What are the Major Divisions of the Himalayas?

By Balaji

Updated on: February 17th, 2023

The Himalayas have three major divisions: the Greater Himalaya or Himadri, the Lesser Himalaya, also known as the Himachal, and the Shivalik or Outer Himalaya. The Greater Himalayas form the northernmost range and include the major Himalayan peaks. The Outer Himalayas are made up of unorganized material, and the Lower Himalayan ranges are made up of highly compressed and altered rocks.

Table of content

  • 1. Major Divisions of the Himalayas (more)

Major Divisions of the Himalayas

The details related to the Himalayas major divisions have been elaborated below:

Great Himalayas: It is also known as ‘Himadri’ and is the northernmost range. It has the highest peaks and the most continuous range. It houses the highest peak in the world, Mount Everest, Kangchenjunga, Lhotse, and Nanga Parbat. The total extent of the Great Himalayas from west to east is 2400 kilometres, and their average elevation is 6000 metres (20000 feet).

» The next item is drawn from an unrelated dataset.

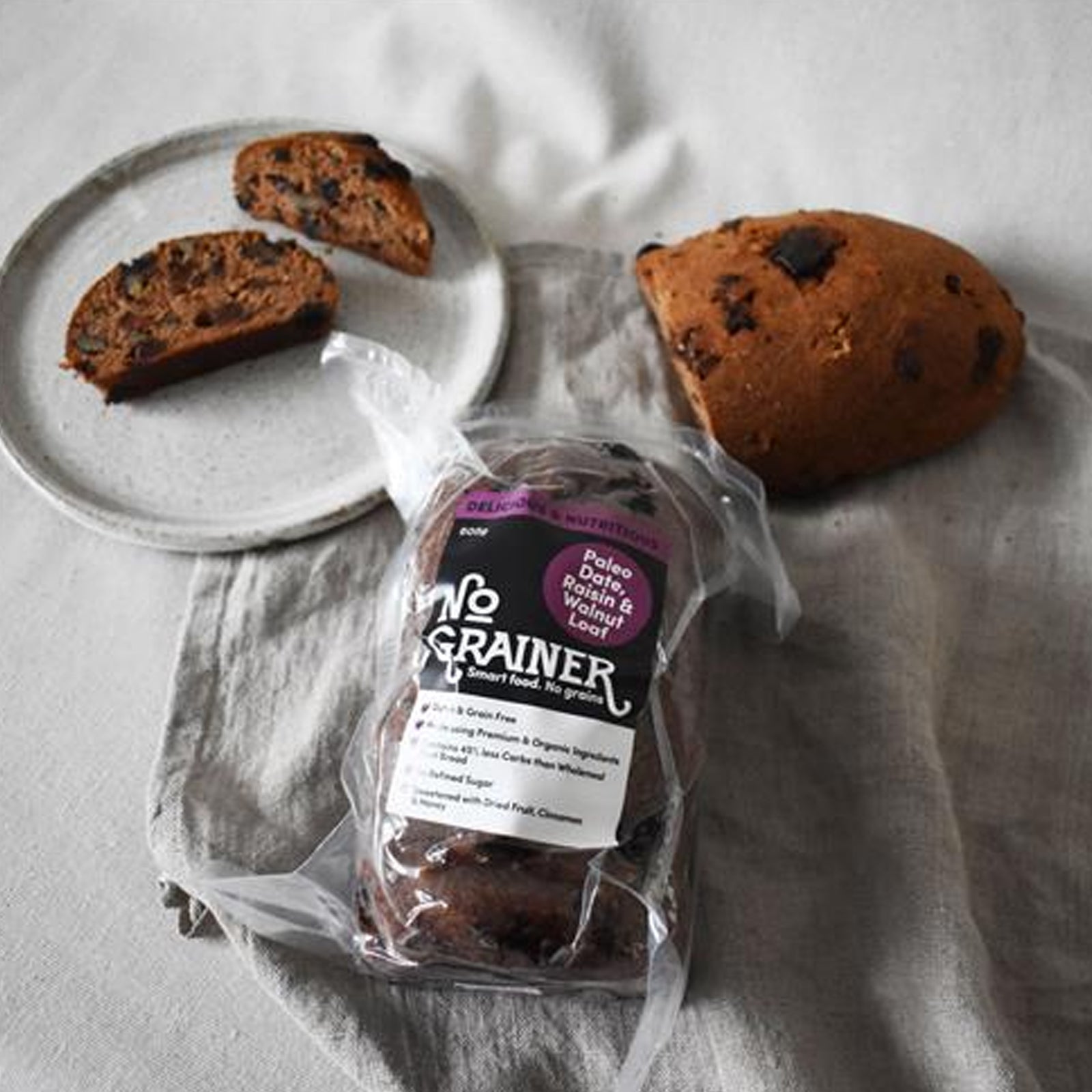 No Grainer Paleo Date, Raisin & Walnut Loaf 825g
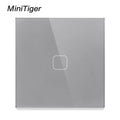Minitiger EU Standard Luxury White Crystal Glass Switch Wall Light Touch Switch , 1 Gang 1 Way Touch Switch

Lesser or Middle Himalayas: The Himalayas in the north are known as the Middle Himalayas and are also called the Lower Himalayas, Inner Himalayas, or Himachal. It is the major east–west mountain range in the northernmost regions of the Indian subcontinent, with elevations of 3,700 to 4,500 metres (12,000 ft. to 14,500 ft). The Himachal range is parallel to the lower Shivalik range (outer Himalayas) in the south. The largest range of the Lesser or Middle Himalayas is the Pir Panjal.

Outer Himalayas: These are known as the Shivalik ranges, and these ranges are the smallest in the Himalayan family. The mountain range of the Outer Himalayas extends for about 2,400 km (1,500 mi). The extension is from the Indus River eastwards along the Brahmaputra River in the northern parts of the Indian subcontinent.